Selain pecahan uang berwarna
biru, kami sebelumnya tak memiliki definisi lain akan angka lima puluh ribu.
Ah, tunggu. Mungkin ada satu : kami sama-sama menganggap lima puluh ribu adalah
delapan gelas minuman cincau yang menemani (lebih dari) lima jam pertemuan kami
setiap kali. Bertemu pertama kalinya di salah satu acara workshop, juga merasa memiliki
kesamaan minat pada hal yang sama, kami mengumpulkan tekad, kemudian menyatukannya.
Setelah di akhir tahun sebelumnya berhasil merampungkan sembilan puisi, sepuluh
cerita pendek, juga sebelas fiksi pendek di dalam satu sampul yang sama, kami
melangkah kembali. Mungkin hanya langkah kecil dan perlahan, namun pasti.
Saat itu pun begitu. Kami
bertemu, di antara obrolan ringan, tercetus kalimat “Kita harus bikin proyek
bareng lagi” Enam kepala, lima perempuan dan satu laki-laki, sama-sama tak melahirkan
ide baru.
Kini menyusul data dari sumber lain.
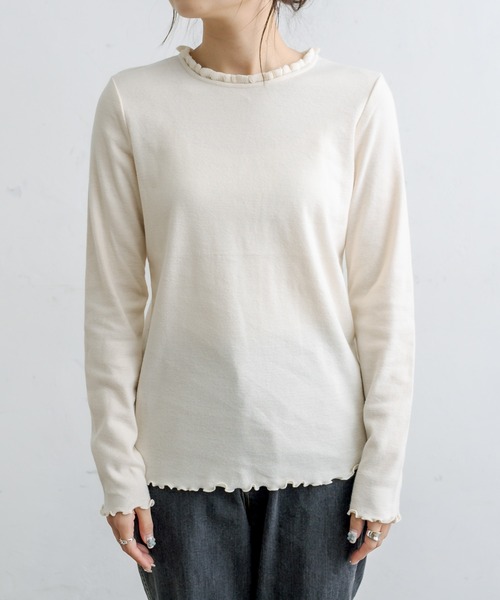 PUAL CE CIN（ピュアルセシン）の「襟編み立てリブ起毛ロングスリーブ（Tシャツ/カットソー・レディース・ブラック/ナチュラル・FREE）」の15枚目の写真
Buntu, suram, tak menemukan. Lalu ada satu celetukan dari hasil
candaan : “Lima Puluh Ribu!” berlanjut ada yang menyahut untuk menjadikan Lima
Puluh Ribu sebagai benang merah. Ide-ide itu datang. Berbeda, namun kami gabungkan. Dipilah dan
disatukan. Didiskusikan dan diperdebatkan. Setuju, tidak setuju. Dipilih dan
diganti sana-sini. Hingga akhirnya kami menemukan satu konsep baru yang
disetujui semua kepala.
Kami mencoba melangkah setapak
lebih berani. Mencoba konsep baru yang lebih bebas. Mendatangi tempat di mana
kami bisa bermain, dan bersenang-senang. Kisah bukan lagi dimiliki seseorang
secara utuh. Namun dibagi. Kami berbagi ruang. Kami berbagi plot dan tokoh.
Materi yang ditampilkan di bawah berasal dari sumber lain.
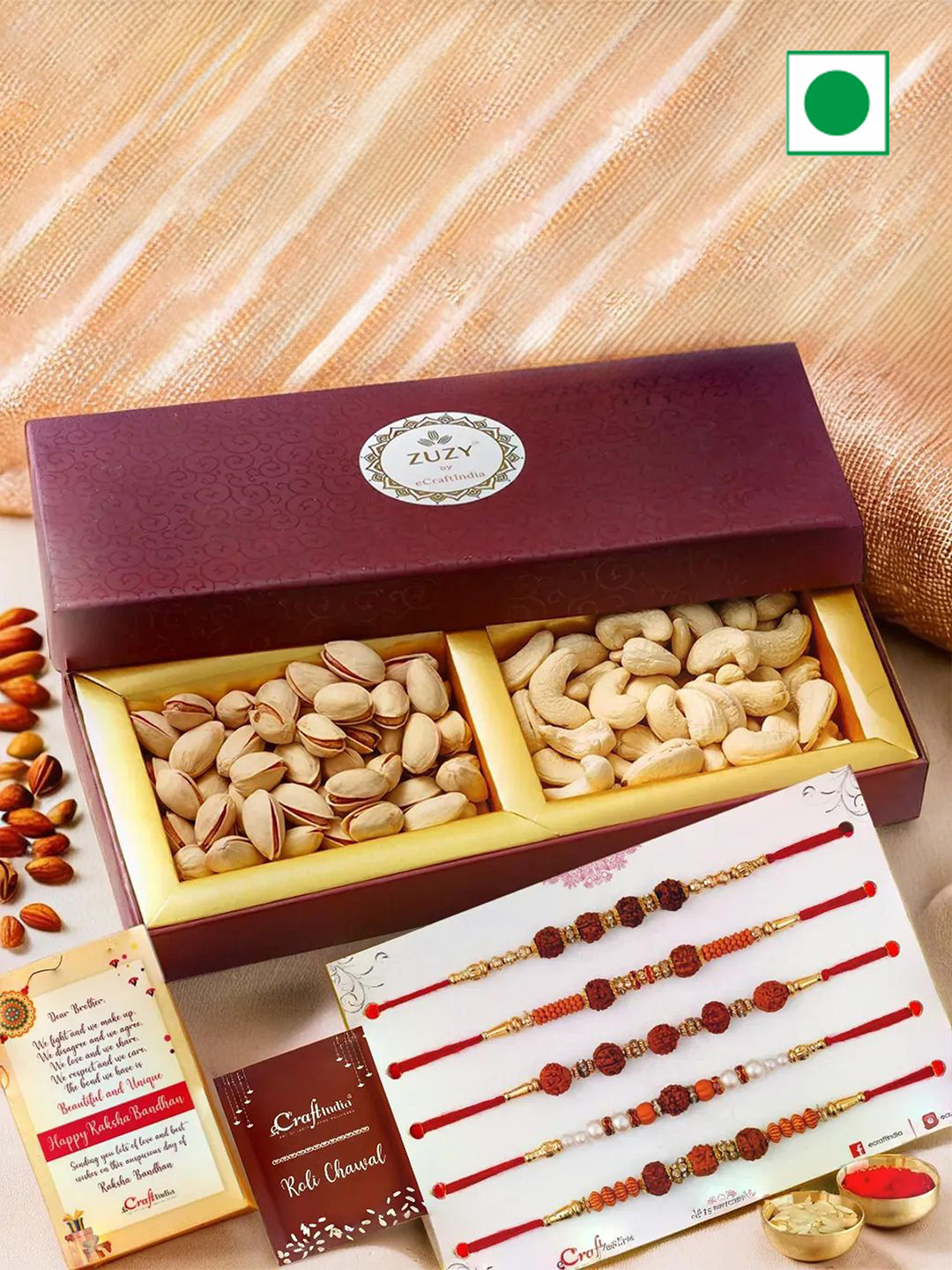 eCraftIndia Set of 5 Beaded Rakhis with Dry Fruit Box And Roli Chawal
Kisah ditulis estafet. Bahkan sang pencipta kisah di awal tak akan tahu
bagaimana kisah akan menjadi. Seorang marah-marah karena tokohnya yang ‘dihancurlebur’kan,
seorang terkejut karena mendapati ekspektasi yang berbeda, sementara sisanya
sibuk komat kamit berdoa demi undian setiap minggu untuk menentukan urutan. Bukan
berarti semua berjalan lancar-lancar saja. Proyek ini susah bagi kami. Tenggat
waktu yang rapat, genre dan gaya tulisan yang berbeda-beda, pembagian tugas
hingga ke penerbitan, ketidaksamaan persepsi, perdebatan kecil, semuanya
terkadang membuat frustasi, dan ingin berhenti. Namun ada satu yang membuat
kami terus mencoba : keinginan agar proyek ini rampung dan mampu dibaca banyak
orang nantinya.
Setelah proses menulis selesai,
kami pontang panting mengurus semua keperluannya, hingga mengatur mini
launching sendiri. Melobi kanan-kiri, demi menepatkan kelahirannya persis di
tanggal 10-11-12. Sepuluh November 2012. Lanjutan dari buku kami sebelumnya di
9-10-11. Sembilan Oktober 2011. Beruntung, banyak pihak lain yang dengan murah
hati membantu keperluan-keperluan kami. Mengembus napas lega, sore itu melaju
lancar untuk kami. Cukup banyak teman-teman yang berkenan hadir. Bukan acara
besar, memang. Namun terasa cukup bagi kami.
Hingga hari ini, jika ditanya
proyek apa yang paling mengasyikkan? Kemungkinan besar saya akan menjawab “50
Ribu”. Karena saya (dan kami) belajar banyak hal. Bagaimana melepaskan beban
ketakutan, mengenyampingkan keinginan masing-masing, menghargai satu sama lain,
menyatukan karakter yang jelas berbeda. Mereka adalah partner, juga teman.
Bahwa mungkin kelak sepuluh tahun lagi, dua puluh tahun lagi, berapapun itu,
saat kami mungkin sudah alpa atau lupa, akan ada kenangan bahwa kami pernah
melahirkan “50 Ribu” bersama.
Kadang kala ada kerinduan dari
saya untuk menemui mereka kembali di proyek-proyek baru. Namun saya memang suka
lupa. Terkadang ada beberapa hal yang mesti kami maklumi bersama. Kesibukan yang
mengikat, jarak yang semakin lebar, juga waktu yang terus terasa minus. Saya
mengatur langkah, dan membawa lembar(an) “50 Ribu” di kantong saya.